So at each time step t, \mathbf x_t is generated by taking the previous data point \mathbf x_{t-1}, attenuating it by \sqrt{1 - \beta_t} and adding Gaussian noise with variance \beta_t. Therefore as t increases, \mathbf x_t becomes more and more noisy until it becomes pure Gaussian noise.

0.2.1 Defining the forward diffusion process in code

Let’s try and put some of the evil-looking math above into code.First, we’ll define various variance schedules \beta_t that determine the amount of noise added at each time step. A linear schedule was used in the paper:

{fig.align-center width=60%}

However, the paper Improved Denoising Diffusion Probabilistic Models has shown that using a cosine schedule leads to better results since linear schedules tend to destroy information much more quickly.

import torch
# Defining vaiance schedules
def linear_beta_schedule(timesteps, beta_start = 0.0001, beta_end = 0.02):
    beta_schedule = torch.linspace(beta_start, beta_end, timesteps)
    return beta_schedule

def quadratic_beta_schedule(timesteps, beta_start = 0.0001, beta_end = 0.02):
    beta_schedule = torch.linspace(beta_start**0.5, beta_end**0.5, timesteps)
    return beta_schedule

def cosine_beta_schedule(timesteps, s = 0.008):
    """
    cosine schedule as proposed in https://arxiv.org/abs/2102.09672
    """
    steps = timesteps + 1
    x = torch.linspace(0, timesteps, steps)
    alphas = torch.cos((x / timesteps + s) / (1 + s) * torch.pi * 0.5) ** 2
    alphas = alphas / alphas[0]
    beta_schedule = 1 - (alphas[1:] / alphas[: -1])
    return torch.clip(input = beta_schedule, min = 0.0001, max = 0.9999)

def sigmoid_beta_schedule(timesteps):
    beta_start = 0.0001
    beta_end = 0.02
    betas = torch.linspace(-6, 6, timesteps)
    return torch.sigmoid(betas) * (beta_end - beta_start) + beta_start
    

Say we are at time step t=0 and we want to obtain an image at time step t = 56, we would have to apply the forward diffusion process 56 times.

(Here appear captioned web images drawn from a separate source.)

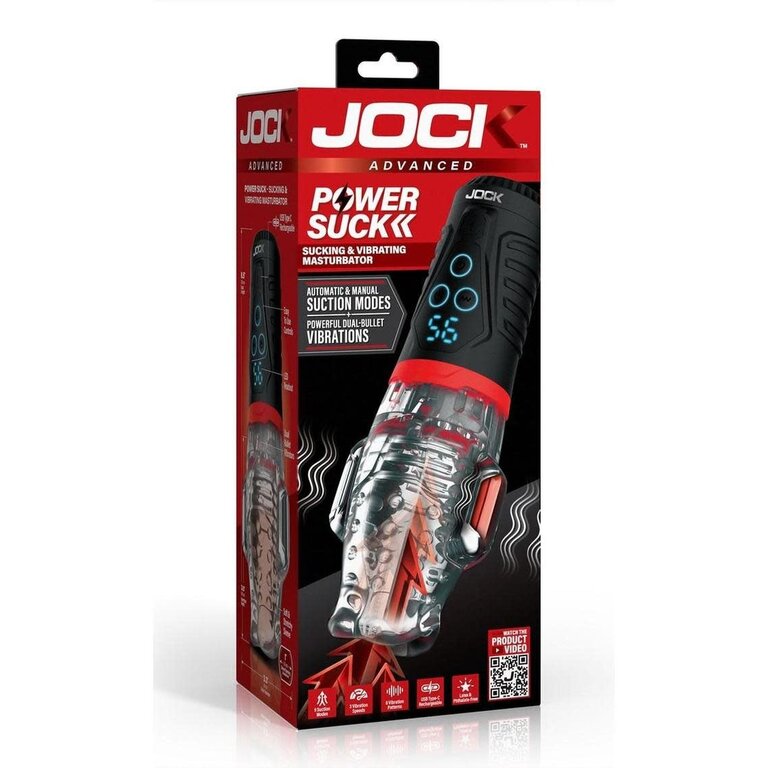 JOCK JOCK POWER SUCKING & VIBRATING MOUTH MASTURBATOR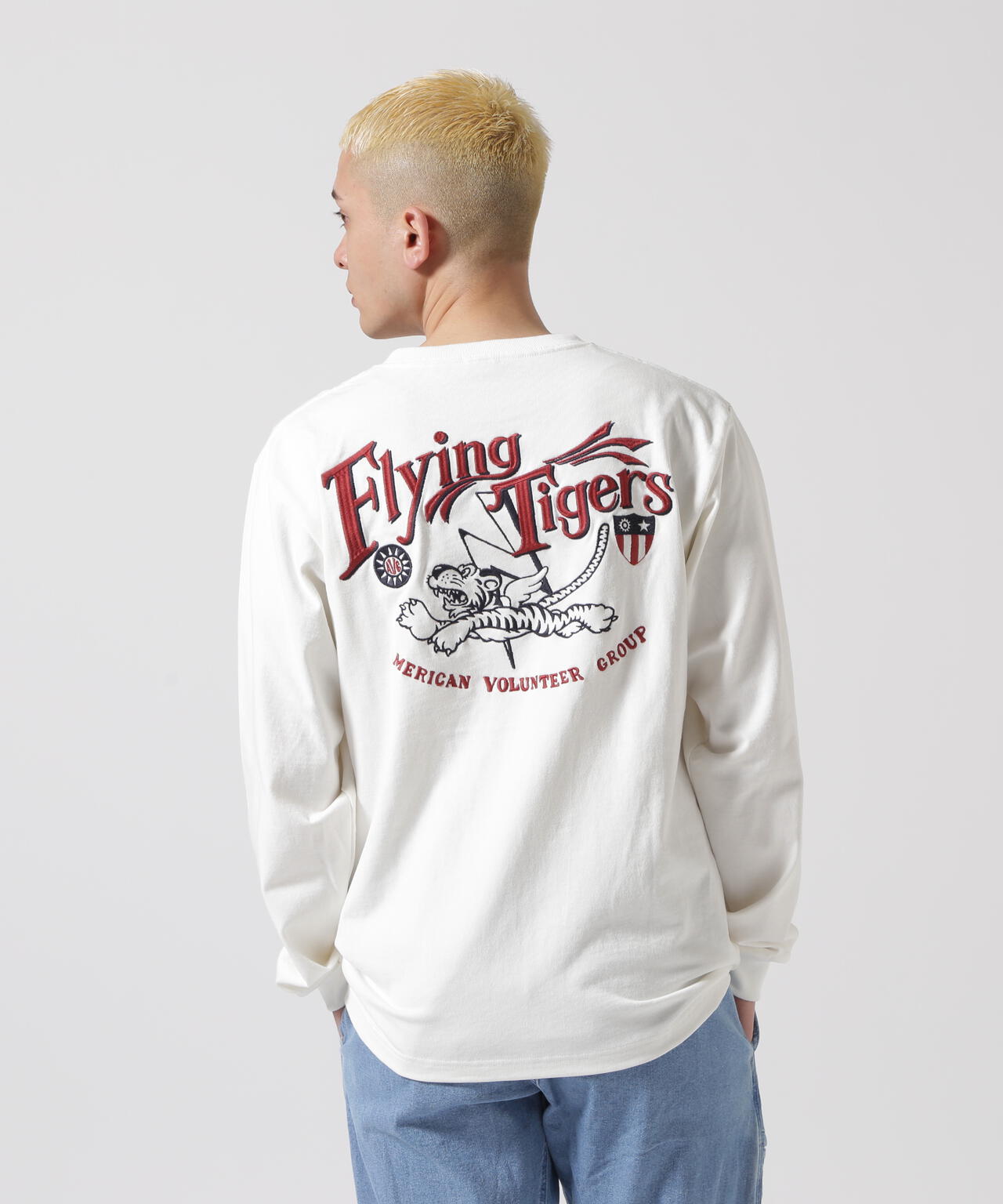 《WEB&DEPOT限定》MILITARY MOTIF LONG SLEEVE T-SHIRT / ミリタリーモチーフ 長袖 Tシャツ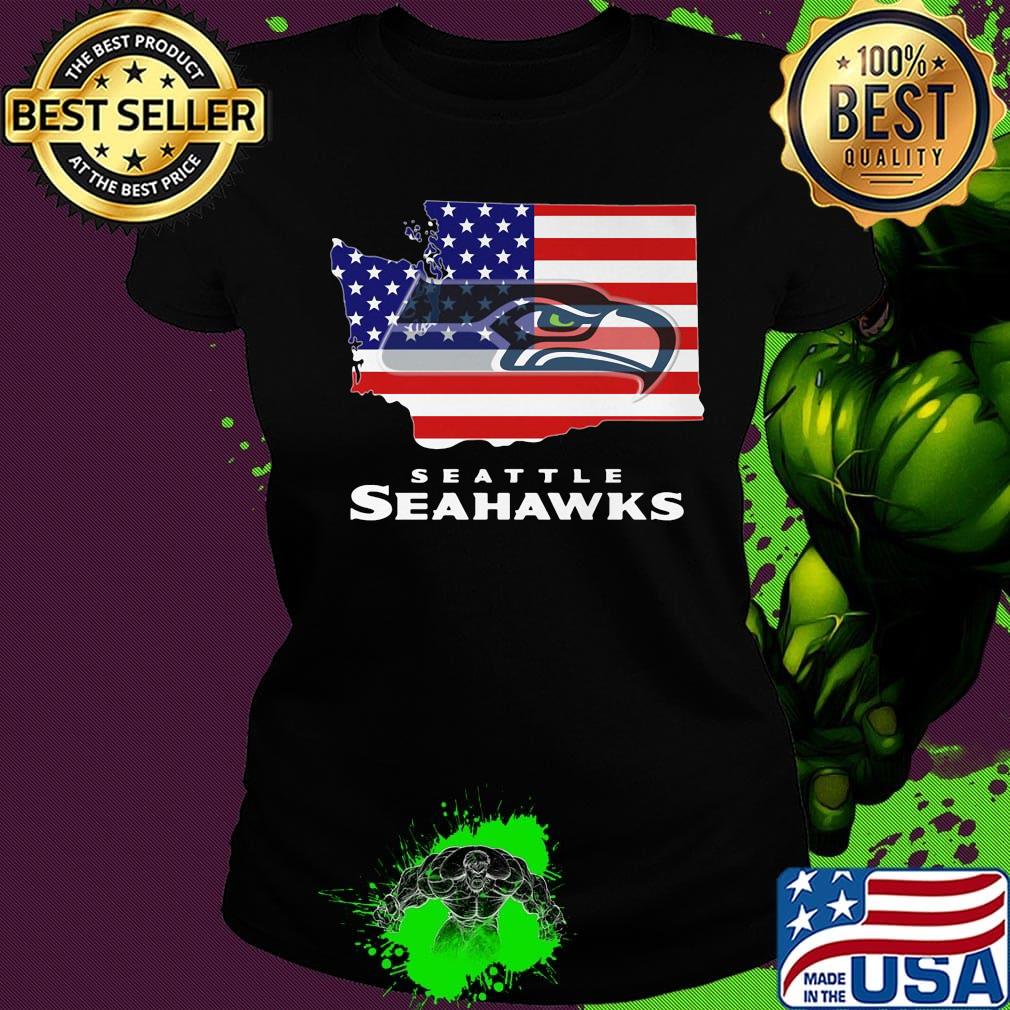 Seattle seahawks american flag happy independence day s Ladies tee Seattle seahawks american flag happy independence day s Ladies tee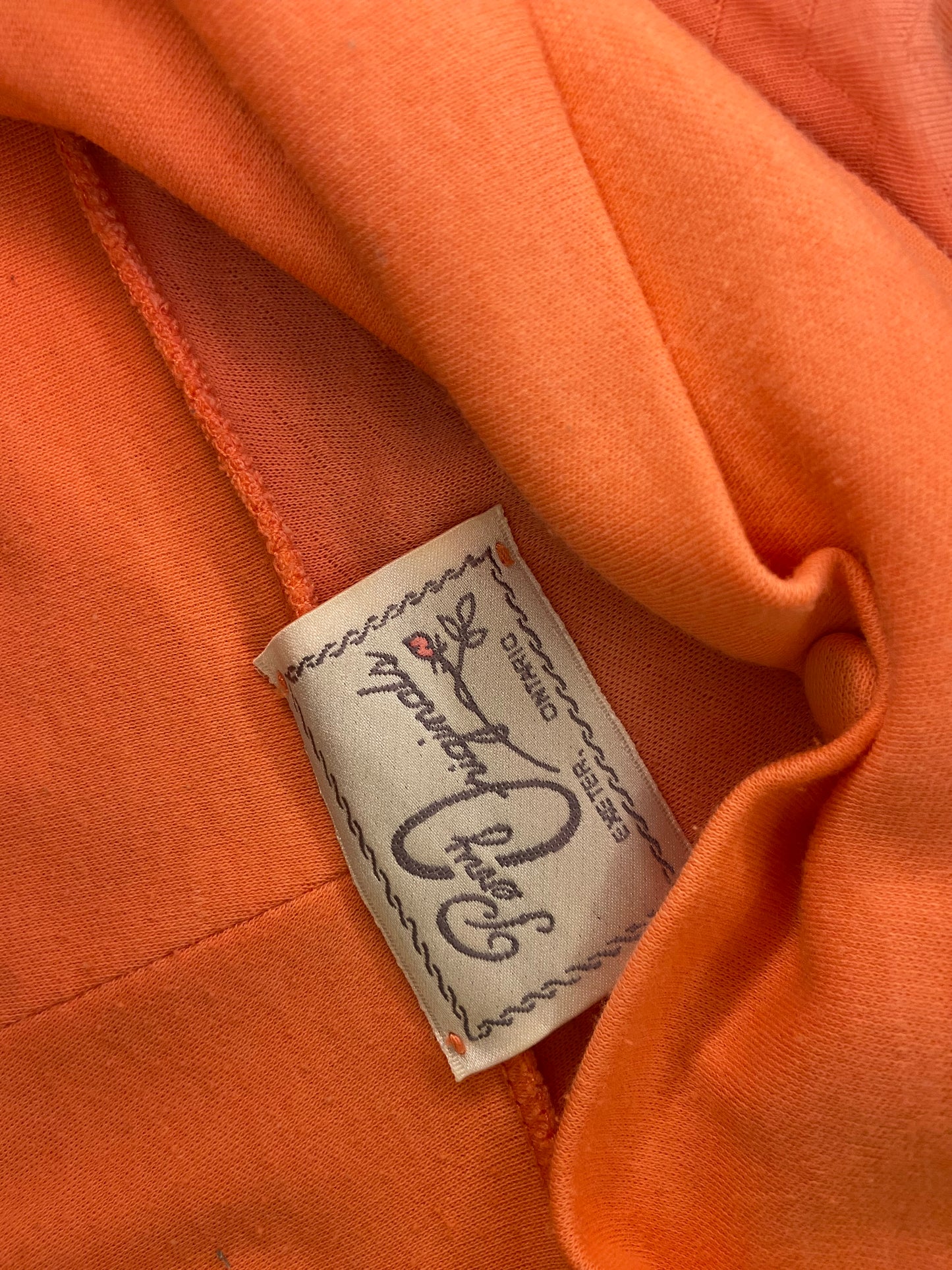 VINTAGE "GOLDEN GIRLS" DRESS - COTTON JERSEY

This is time consuming and computationally expensive. Conveniently, it has been shown that we can sample \mathbf x_t at any time step t as: q(\mathbf x_t | \mathbf x_0) = \mathcal N(\mathbf x_t; \sqrt{\bar \alpha_t} \mathbf x_0, (1 - \bar \alpha_t) \mathbf I) where \bar{\alpha}_t = \prod_{i=1}^T \alpha_i and \alpha_t = 1 - \beta_t.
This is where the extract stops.